Unfortunately there are still lots of managers and directors running teams and departments in large organisations, who may have good intentions, but are lagging behind in their thinking and management approach.
Who haven’t yet moved with the times. Who are asking the wrong questions and measuring the wrong things.
In order to find out why they stick with this approach we need to go back. Way back.
The 18th century saw the start of the Industrial revolution, which started a c.100 year era of accelerated change that transformed human society. Fossil fuels, steam power and the rise of manufacturing changed well, everything. The way people got from place to place, where they worked, how they worked and a crap tonne more.
The majority of people ended up moving from the fields on to the factory floors as part of a production line of some description. Towards the end of the 19th century Scientific management reared it’s head thanks to the work of Frederick Taylor, which at the time was deemed quite brilliant. It was driven from a desire to improve process and reduce waste by encouraged putting people into boxes (not literally – apart from the undertakers) based on their skills, and measuring and rewarding workers based on output (number of units of X produced in a given time). The result of this may have been an increase in production of goods but there was little interaction, zero autonomy, plenty of mastery, not much of a sense of purpose, and generally low motivation in the workplace.
As we moved towards the growth of institutions and office work in the 20th century a lot of this factory thinking came over too.
Think about the cubicle culture common in American offices from the late 60’s – this was just an extension of the factory floor, with people working in isolation, on a specific set of process, being supervised and measured on output of x units over time. So in short Scientific management was still in abundance, despite the context being different.
We now live in the age of the digital revolution that has yet again brought an era of accelerated change that is transforming human society. The way we work, the type of things we work on. As we increasingly move towards building new technology that has not existed before we move away from working in a predictable, linear fashion.
As such the last 30 – 40 years has seen a new way of thinking, of being, creep into our places of work. A way that asks us to tear down the cubicles, encourages collaboration and empowers small teams of people to work together to get the job done. We still build stuff, and we still have a pipeline of work to get a complete product out of the door, but rather than focusing on producing as much as possible the focus is on producing as little as possible in order to get as much value as possible, as early as possible. This is what we call agile, and the many guises that this takes.

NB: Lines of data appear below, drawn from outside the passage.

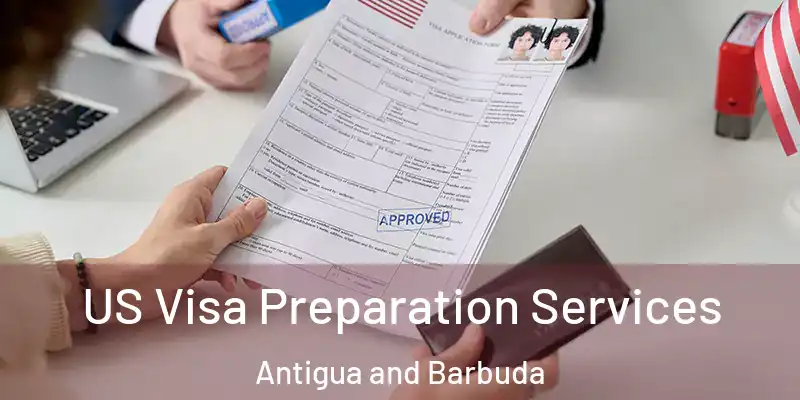 US Visa Preparation Services Antigua and Barbuda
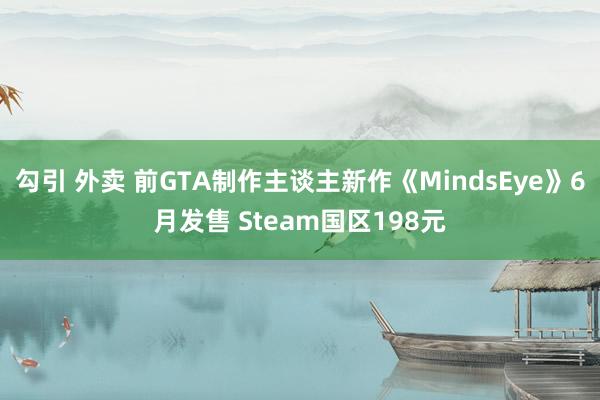 勾引 外卖 前GTA制作主谈主新作《MindsEye》6月发售 Steam国区198元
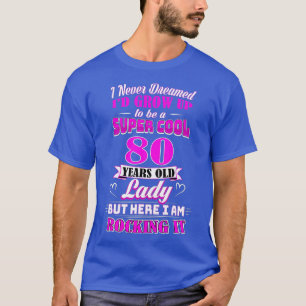 80 Year Old Lady Funny 80th Birthday Rockin Since T-Shirt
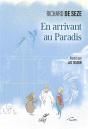 En Arrivant Au Paradis - Preview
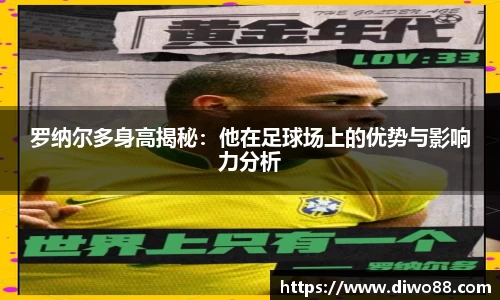 罗纳尔多身高揭秘：他在足球场上的优势与影响力分析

But there’s a problem. Not with the teams so much, but with the bosses who have spent the last 30-40 years of their careers learning the old way. Scientific mgmt still reins. It’s what people know, understand and have a history with. It’s what they were brought up with. It’s what they were taught at business school. It’s what was passed down to them by their managers when they started their corporate journey. These people are in their 50’s now, and whilst there are lots of them who have heard of and believe they understand agile, they’ve rarely experienced it first hand.

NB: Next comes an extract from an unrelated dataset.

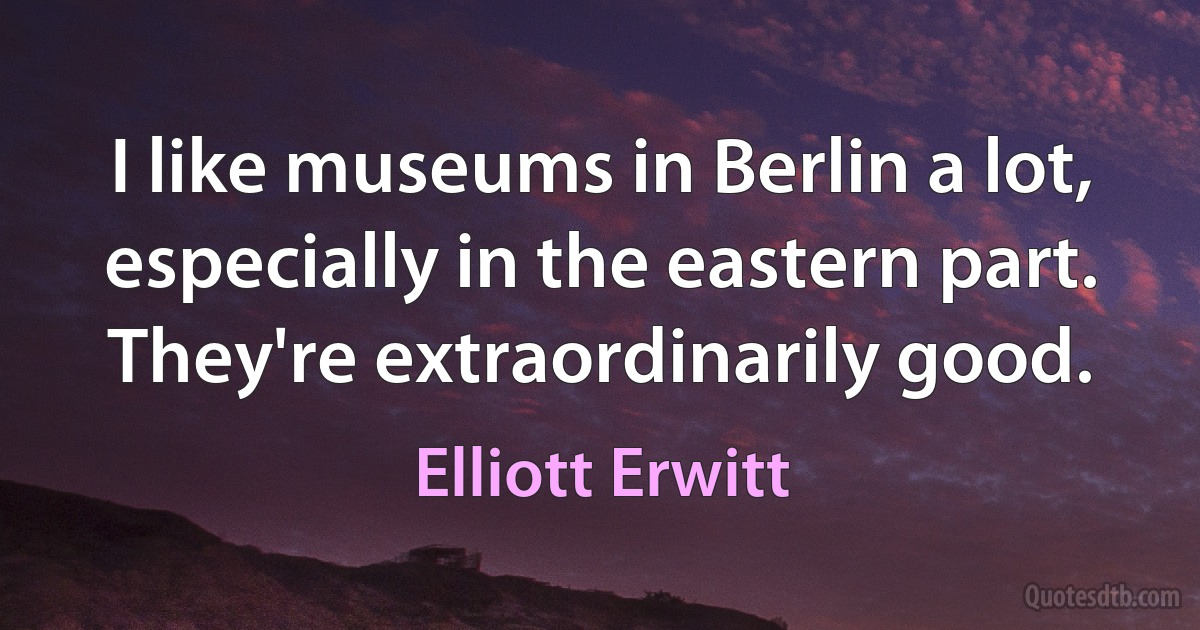 I like museums in Berlin a lot, especially in the eastern part. They're extraordinarily good. (Elliott Erwitt)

They’ve never been part of a scrum team. They’ve never paired with a colleague on a task. They’ve never sat in on a retrospective. They still have performance driven bonuses based on bullshit metrics which they filter down the chain.
Now by my reckoning these managers, leaders and directors are coming to the end of an era. In another 15 – 20 years they will no longer be running the business. People with first hand experience and a deeper understanding of agility will have worked their way to the top and things will be different. Conversations about how we work should be as welcome as a conversation about the work itself. People showing vulnerability and willing to experiment, fail, learn and grow should be the norm, not the exception.
So, in the mean time what do we do? What do you do? Do you play the long game and wait this thing out? Do you work towards being one of these future leaders, by gaining as much experience as you can now? By spreading your knowledge and love for agile as wide as possible?
Either way, it’s important to remember and reflect on the past. To acknowledge the brilliant thinking born out of the industrial revolution that was fit for purpose at the time. It’s also important to acknowledge that things have moved on, and so our approach to management of people and work needs to shift too.
We are not robots. There is a place for robots and automation in todays world, but we need to hold on to our humanity, our sanity and our unique ability to inspect and adapt. To embrace each other as people, warts and all, and focus on working together to achieve the best outcomes.